What to do » Transcribe the listing exactly; drop the images.

(Supplied material begins)

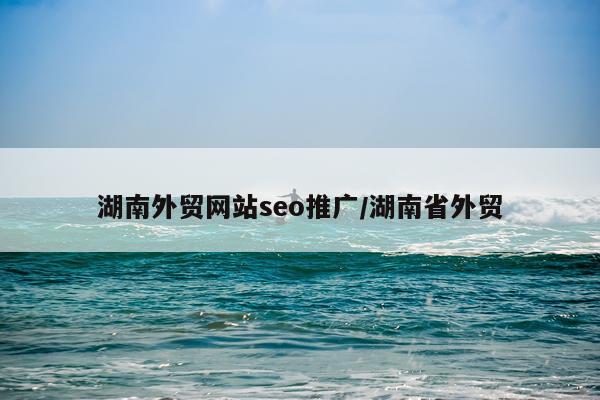湖南外贸网站seo推广/湖南省外贸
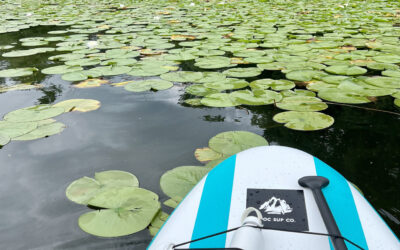 Paddleboarding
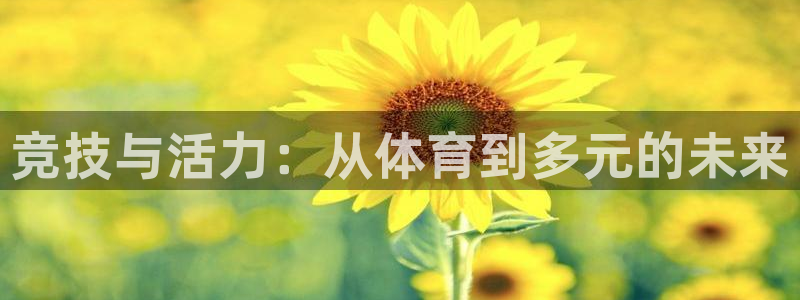 竞技与活力：从体育到多元的未来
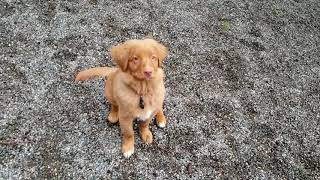 Training our Toller puppy [upl. by Lucic]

(Supplied material ends)

Output for this exercise »
湖南外贸网站seo推广/湖南省外贸
 Paddleboarding
 竞技与活力：从体育到多元的未来
 Training our Toller puppy [upl. by Lucic]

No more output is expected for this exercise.